A note about character questionnaires: Do them if they help you; skip them if you don’t. They don’t help me. Unless there’s a story reason for it, it doesn’t matter what your character’s favorite color is.
What matters are the answers to the big three questions:
- What does your character want? They have to one big, clear goal to move the story forward, even if it changes every act. (And it can.)
- What does your character need? What do they need to grow, whether they know it or not? (And they probably don’t.)
- What is their flaw or misbelief? If it’s a flaw, they need to overcome it to get what they need. If it’s a lie they believe, they need to learn the truth to get what they need. This idea of misbelief is from Lisa Cron. Both her books Wired for Story and Story Genius are worth reading and keeping by your computer.
Bonus: What’s unique about your character’s personality and appearance? Are they unusually blunt? Do they have a scar above one eye? This helps your readers remember who’s who. It’s not a must but a good idea when possible.

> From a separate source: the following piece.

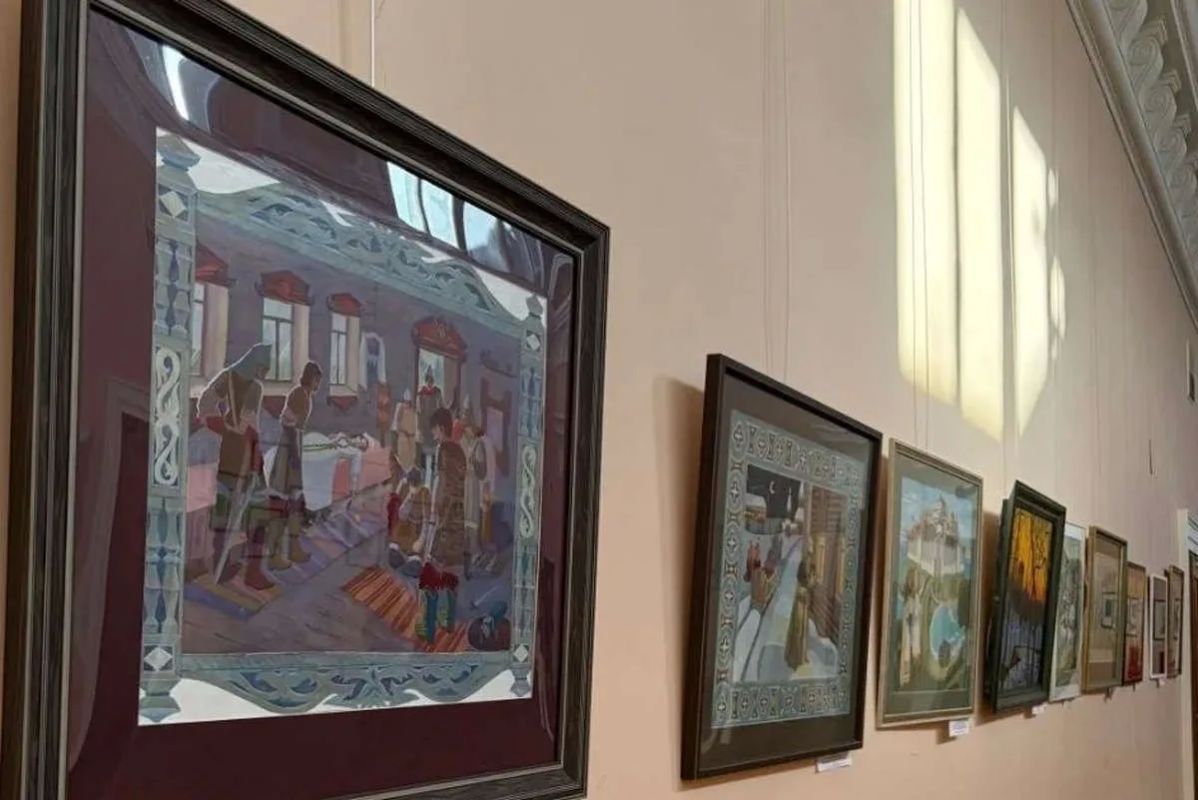 «Русскую княжну» из Череповца показали в Российской государственной библиотеке «Русскую княжну» из Череповца показали в Российской государственной библиотеке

Pick character types. A great book to help you pick character types and see how they’d interact is The Complete Writer’s Guide to Heroes and Heroines, but these are the types I use the most:
Strengths: Goal-oriented, decisive and responsible
Weaknesses: Stubborn, unsympathetic, dominating
Style: Born leader
Strengths: Devoted, vulnerable and a great judge of character
Weaknesses: Depressed, unforgiving, expects the worst
Strengths: Charismatic, street smart and intuitive
Weaknesses: Pessimistic, bitter and volatile
Style: From the wrong side of the tracks
Strengths: Confident, dynamic, Competitive
Weaknesses: Blunt, workaholic, arrogant
Strengths: Courageous, determined, persuasive
Weaknesses: Obstinate, rash, opinionated
Style: On a mission
Strengths: Efficient, serious, dependable
Weaknesses: Rigid, repressed, perfectionist
Enneagram types can also be helpful for character-building.
So make some characters that make sense, whether you base them on character types or people you know. (Because if you can let reality do the work for you, why not?)
Then plan an arc. K.M. Weiland has great advice for how to make all types of character arcs.